在检测前,提前将试剂盒试剂放置室温(或按试剂盒说明书所建议的温度)约30分钟。冷冻样品在使用前也应该完全融化,避免样本多次反复冻融,冻融次数建议少于三次。


—Keep environmental conditions, e.g. temperature and humidity constant throughout the assay and between assays.

保证实验的环境条件,例如整个测定和测定之间的温度和湿度恒定。


—Ensure all equipment is calibrated including pipettes, plate washers and readers.

确保所有设备都已校准,包括移液器,洗板机和读取器。


—Use sufficient quantities of antibody.

使用足量的抗体。


—Substrate solutions should be freshly prepared, not stored for hours ahead of use.
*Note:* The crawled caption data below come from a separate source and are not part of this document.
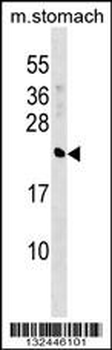 CRYBA4 Antibody (C-term)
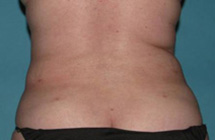 After SmartLipo™ by Dr. Normand Miller, Salem, NH and Nashua, NH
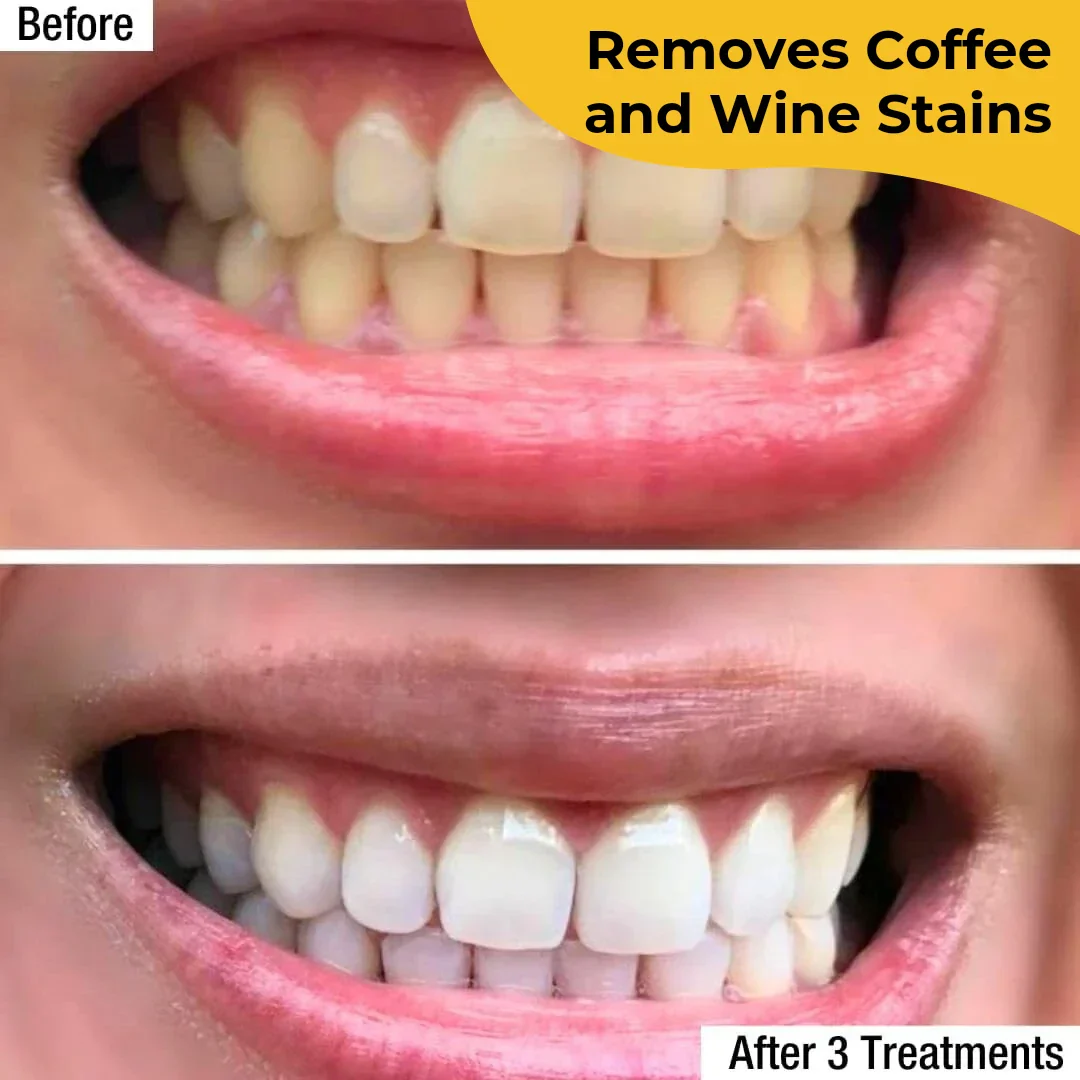 Teeth Whitening Strips - Image 5
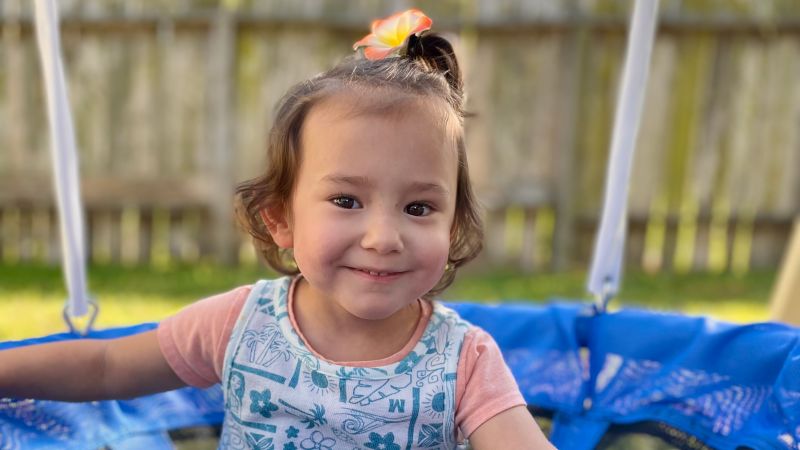 Texas Baby's Journey: From Preemie Wound To Healing With Fish Skin Texas Baby's Journey: From Preemie Wound To Healing With Fish Skin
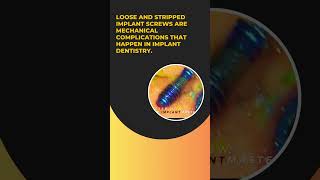 Loose and stripped implant screws are mechanical complications that happen in implant dentistry.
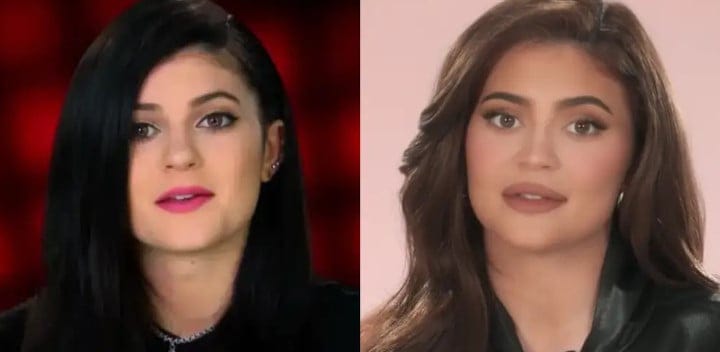 Kylie Jenner Admits She Doesn’t Want Her Kids To Copy Her Cosmetic Surgery Choices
底物溶液应该是新鲜制备的,而不是在使用前数小时的储存溶液。


—Handle samples consistently throughout testing and follow the same procedures each time.

在整个测试过程中持续处理样品,并且每次都遵循相同的步骤。


—Throughout the process, visually inspect the tips and wells to check aspiration, addition of reagents and withdrawal. Levels should be equal.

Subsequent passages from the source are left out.